As políticas de violência racista não são mais que um espelho das nossas, assumidas pela força do medo, mas a raiva dos outros é também nossa raiva
Carolina Vásquez Araya
Diálogos do Sul
Cidade da Guatemala

Tradução:

A fome que açoita nações inteiras ao redor do mundo, não é normal. A miséria na qual se consome a vida de milhões de seres humanos tem sido produto de sistemas econômicos depredadores baseados na acumulação de riqueza, que é obtida pela força das armas e da intimidação, pela corrupção de líderes locais e pela eliminação de quadros políticos com apoio popular e tendência democrática.

A consequente captura de espaços de poder – entre os quais se inserem as organizações políticas, os meios de comunicação, as grandes corporações e as instituições religiosas – tem predisposto os setores populares a aceitar como normal um estado de coisas capaz de privá-los de uma boa quantidade de direitos garantidos mediante convênios e convenções ratificados pela maioria dos Estados. 

Como consequência, quando as contradições entre o discurso e a prática se agudizam a ponto de pôr em evidência as fissuras do sistema, é inevitável a acumulação de raiva e frustração entre os setores afetados e é quando se abandonam os diálogos e se invadem as ruas.

Durante os anos recentes temos visto as multidões expressarem seu protesto em manifestações cada vez mais nutridas, ao longo do planeta.
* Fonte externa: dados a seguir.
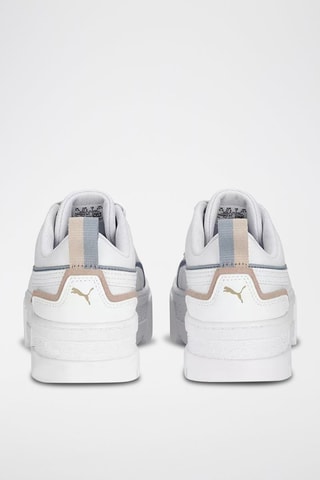 Baskets plateformes - Blanc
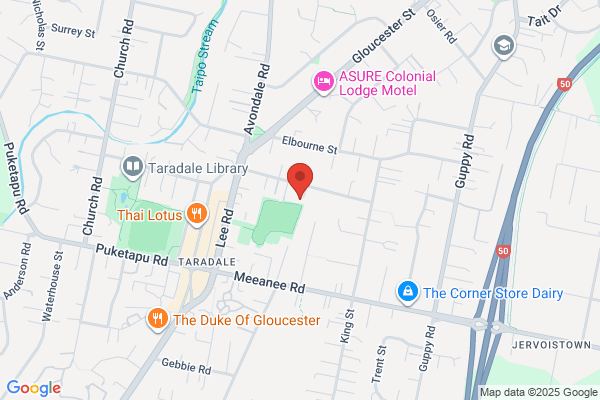 Map for BestStart Taradale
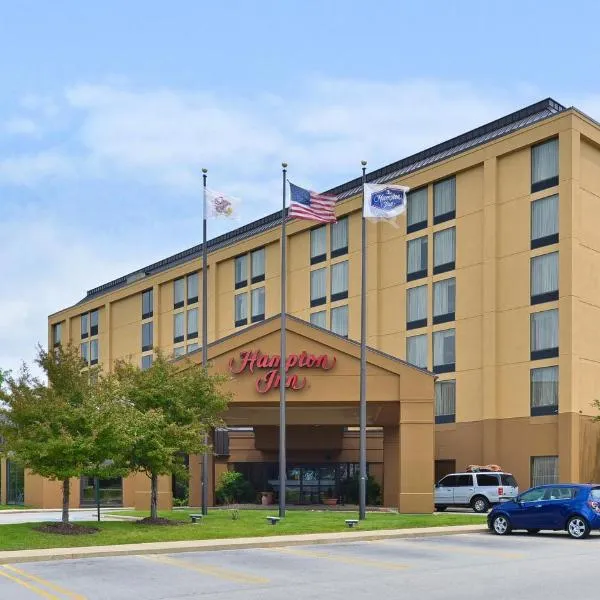 Hampton Inn Chicago-Carol Stream، فندق في Carol Stream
No entanto, e apesar da pertinência de suas demandas e da urgência de medidas de correção, os sólidos e inamovíveis centros de poder se mantêm incólumes graças a sistemas concebidos, elaborados e impostos para ser blindados contra qualquer ameaça de mudança. 
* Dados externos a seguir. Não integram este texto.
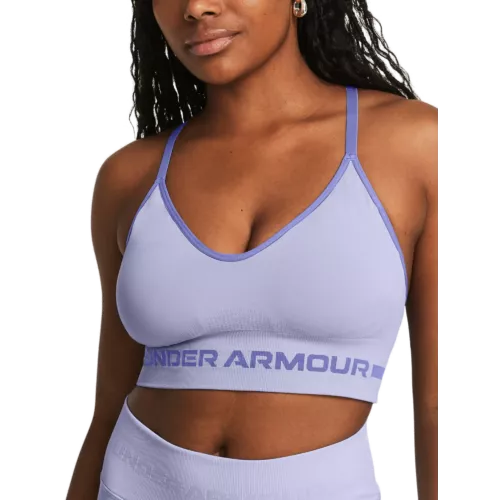 Női melltartó Under Armour UA Seamless Low Long Bra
As políticas de violência racista não são mais que um espelho das nossas, assumidas pela força do medo, mas a raiva dos outros é também nossa raiva

Geledés
As explosões contra as práticas racistas também são nossa raiva

Uma das facetas mais perversas desta ideologia do status quo tem sido a estratégia de dividir mediante conceitos inseridos no inconsciente coletivo, modulando a percepção do “nosso” como diferente a partir de estruturas culturais definidas pelos centros de poder econômico e político. Ou seja, temos sido educados para considerar como positivas as atitudes de submissão por classe, por etnia e por gênero.
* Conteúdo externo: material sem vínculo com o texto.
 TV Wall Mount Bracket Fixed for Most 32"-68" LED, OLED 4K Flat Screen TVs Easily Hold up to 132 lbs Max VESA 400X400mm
Também foi impressa de maneira indelével a visão de um orgulho nacional pré-fabricado que, entre suas máximas expressões públicas, traduz-se em desfiles de arrogante potência militar, aplaudidos e admirados pela própria cidadania à qual, chegado o momento, reprimirão com extrema violência. 

Por isso não é de estranhar a visão longínqua e alheia de nossos povos sobre os massivos protestos contra o racismo que se desenrolam atualmente nos Estados Unidos. É como seguir uma série televisiva que não nos toca fibra alguma. No entanto, nossos países do cone sul se encontram sumidos desde os inícios de sua história nos genocídios de povos originários, desde o extremo sul – com a extinção de etnias completas pelos colonos europeu e mestiços chilenos  e argentinos para dominar essas terras – até os cometidos contra indígenas no México e na América Central, práticas usuais de predomínio econômico em todos o continente, avalizadas pelas mais altas autoridades religiosas e seus melhores promotores: as famílias poderosas. 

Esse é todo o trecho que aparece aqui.